The “Four-faced God”

We read in the Holy Gospel of Mar Mani about the “the four-faced God.” For example: “Amen, Amen, Amen. Amen again, the four-faced God; glory and honour to the Amen, the Father of Greatness!” (34:6)

Manichaeans are strictly monotheistic, meaning that we worship only one God. There are many celestial beings in the heavens that are referred to as gods, but they are always lower in status than the Father of Greatness. When some of the older texts refer to the worship of these other gods, we understand this to mean that they are honoured, and not worshipped in the same manner which we worship Almighty God.

Our text above refers to “the four-faced God.” There are other scriptures in our tradition that uses this same phrase in reference to the Father of Greatness. Another phrase used in our scriptures is “four-fold God.” Since we know that God does not literally have a “face” because He is pure light, what does this phrase mean in our holy book?

The number four is used in two different manners to describe who our God is. These are qualities or special characteristics that we hold dear and attempt to emulate in our own lives. These are:

    1) highest level of holiness (supreme divinity),
    2) brightest light,
    3) supreme power and
    4) eternal and pure goodness.

These four qualities are also deities which “emanated from the bosom of the Greatness, who exercise and demonstrate, on behalf of the Father, holiness, light, supreme power, and His pure goodness.” In Central Asia, these particular characteristics are also known by the names of Ganesha, Vishnu, Brahma, and Shiva. Ganesha is the first among all four emanations. “He was the first of the manifestations of the qualities of the Father of Greatness, and indeed, is the very Wisdom of the Greatness, the Primal Being manifested in the form of the elephant-headed man. After Ganesha, one after the other, Vishnu, Brahma, and Shiva came forth from the bosom of the Father.”

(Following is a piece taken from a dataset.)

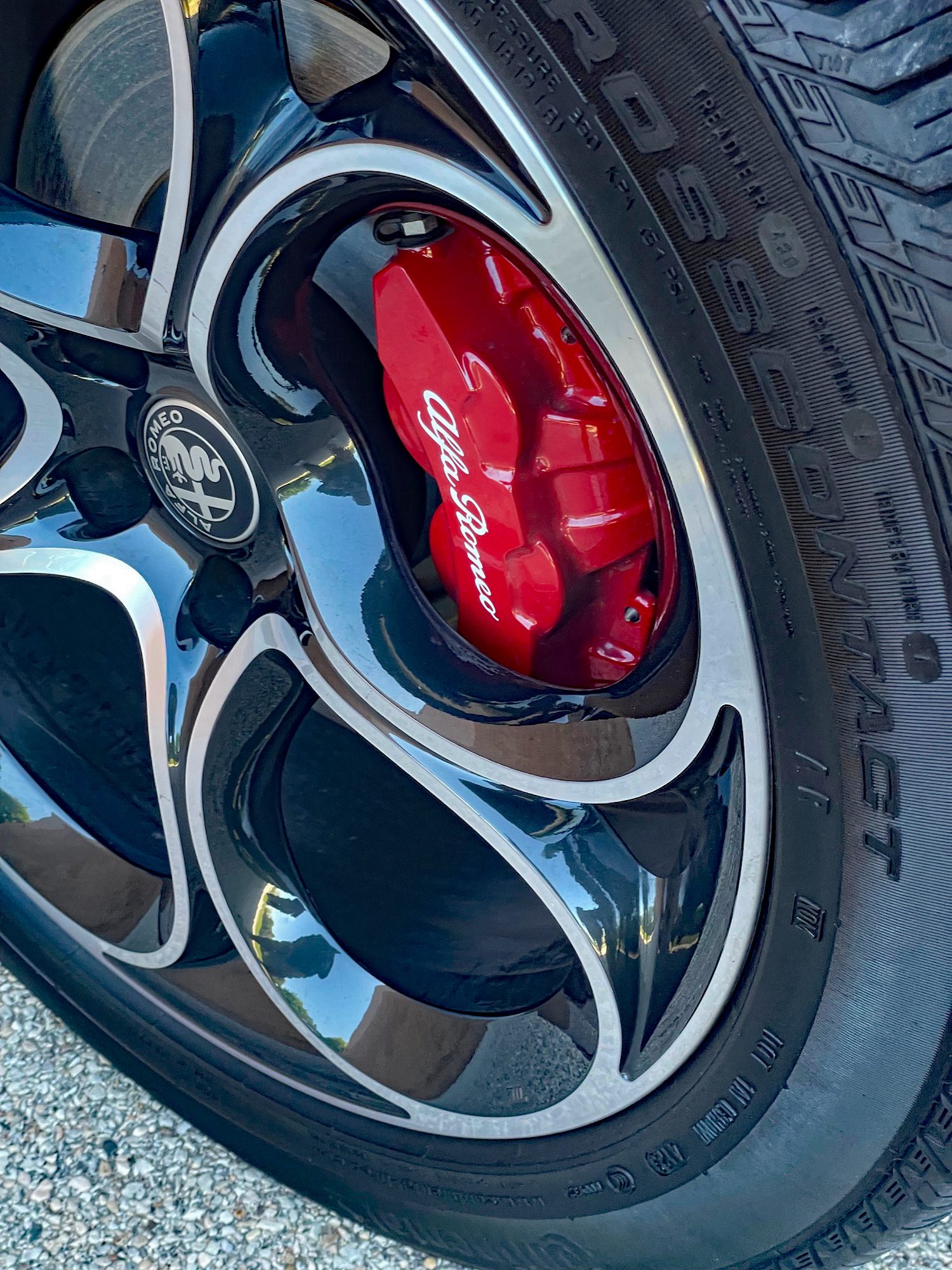 2025 Alfa Romeo Stelvio Fast, Brembo Brakes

These individual characteristics do not “replace” the Father of Greatness in our worship, but we worship God with knowledge of them, knowing what they represent. When Manichaeans have representations or images of these on altars or within their homes, they know they are not worshipping any particular quality of God, but rather we acknowledge those divine qualities in our worship.

These forms have been used in the Manichaean Scriptures for centuries. It is nothing new to us to see images of what would otherwise be known as “Hindu deities” in our homes, places of worship, monasteries and hermitages. These four manifested qualities and their images have been part of Manichaean tradition regardless of the “school” of Manichaeism in which one adheres. It would only be shocking for those not really familiar with our faith. Prof. Yar said, “In India, the ‘four faces (qualities) of God’ appear as traditional Hindu deities, while in China they take on more of a Buddhist style. And in Uzbekistan, they are usually represented without a face with the appearance of having two wings.”

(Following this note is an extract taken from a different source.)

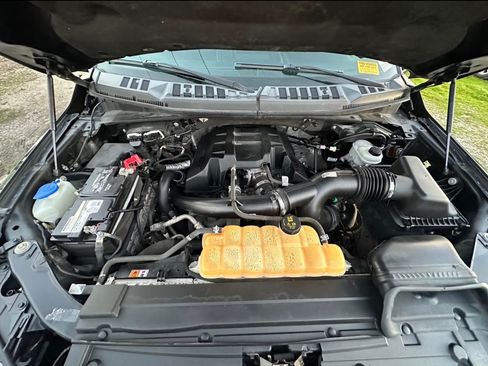 Used 2017 Ford F150 Lariat w/ Equipment Group 501A Mid image 14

Prof. Yar also said, “In traditional Hinduism, there are many legends surrounding the various Hindu deities, but not all of these legends were accepted as true by Manichaeans in those lands. They were always viewed through the light of Mani’s teachings and those of his apostles and missionaries. They were viewed as various qualities of God manifested in the flesh or rather some spiritual state such as an apparition or in visions.”

In one of the early visions, an apostle and nearly a dozen missionaries spoke of instructions being given to them to write down descriptions of the imagery they were seeing and to teach the other Hearers and Elect to “make for themselves or procure images of the Four Faces so they may recall daily the pure qualities of the Father of Greatness …When making offerings before each of the images, it is not the manifestation that is being worshipped, but rather the devotee is giving recognition in worship to the Greatness concerning the revelation of each characteristic. Worship the Father of Greatness and give Him thanks for revealing to you His qualities, for these were born from His bosom, wherein lies the Maiden of Light and His Treasury [Holy Spirit].”

Below is imagery from a Manichaean text dating between the 8th and 9th century A.D. depicting the four “faces” of God.

In Manichaeism, Ganesha represents wisdom, while Vishnu represents the protection of all things true as well as protection of Mani’s disciples from being harmed by the King of Darkness, while Brahma represents creation and re-creation, and finally, Shiva represents the destruction of matter.

Most Manichaeans only use Ganesha to represent all four faces of God. This practice is due to the fact that Ganesha was the first of the four and is referred to in our scriptures as the representation of the Pure Light from God.